# A drunk passenger wanted me to drive him to a hooker



## puber (Aug 31, 2014)

He said all cabbies have hookers' business cards.
I dropped him by the taxi stand.


----------



## chi1cabby (May 28, 2014)

puber said:


> He said all cabbies have hookers' business cards.
> I dropped him by the taxi stand.


"hookers' business cards"
Some classy, business savvy hookers you got in LA! I bet these hookers have agents too. Here some of em might have a full set of teeth, that's about it! Lol!

No seriously, just once in 20+ years I've gone along with a pax's wish to seek company of a lady of the night. Now I just tell em to pick up a free weekly paper and peruse the adult services section, where escorts advertise, from the comfort of their home or hotel room.

Many years back an ordinance was passed that made it a misdemeanor for a cabby to solicit, or take a pax on a ride to solicit. The cab is impounded on the spot, the chauffeurs licence is subject to revocation, besides the criminal charges.


----------



## Sydney Uber (Apr 15, 2014)

puber said:


> He said all cabbies have hookers' business cards.
> I dropped him by the taxi stand.


Here in Sydney prostitution is seen as a victimless crime. Police simply dont shake down Pros or their clients any longer. Some Brothels will pay Cabbies a finders fee for every customer they bring in.

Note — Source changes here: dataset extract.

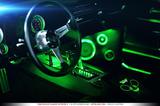 Oracle Ambient LED Lighting Footwell (etc.) Kit - Green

A fun time in my Taxi career was when I was a driver for a Brothel taking the girls to outcalls. It provided me with an education. !

The more organised Brothels even had Frequent [email protected]$r Points for regulars!


----------



## chi1cabby (May 28, 2014)

Sydney Uber said:


> Here in Sydney prostitution is seen as a victimless crime. Police simply dont shake down Pros or their clients any longer. Some Brothels will pay Cabbies a finders fee for every customer they bring in.
> 
> A fun time in my Taxi career was when I was a driver for a Brothel taking the girls to outcalls. It provided me with an education. !
> 
> The more organised Brothels even had Frequent [email protected]$r Points for regulars!


And guess who was the points leader in the Frequent [email protected]$r Club?
Hahaha!


----------



## Sean O'Gorman (Apr 17, 2014)

I think I was asked about it by a couple of riders I picked up from a strip club. Told them I couldn't tell them where to find any, but that I wasn't morally opposed to driving to a specific location if they figured out where to get one themselves. I think their response was "whoa, this guy is cool."


----------



## DriverJ (Sep 1, 2014)

Tell'm to bring up 'BackPage.com' and do some window shopping, texting, calling, whatever, and you'll drive around in circles with the meter running until they find something to screw.


----------



## Sydney Uber (Apr 15, 2014)

chi1cabby said:


> And guess who was the points leader in the Frequent [email protected]$r Club?
> Hahaha!


After 25 years it looks like I'm heading back to a similar gig. 10pm -5am driving girls around, getting food deliveries. It'll mess up the family life a little, get to see the kids for breakfast then collapse. If it means getting extra utilisation out of the car and I find a decent driver to take on the day work it may work out.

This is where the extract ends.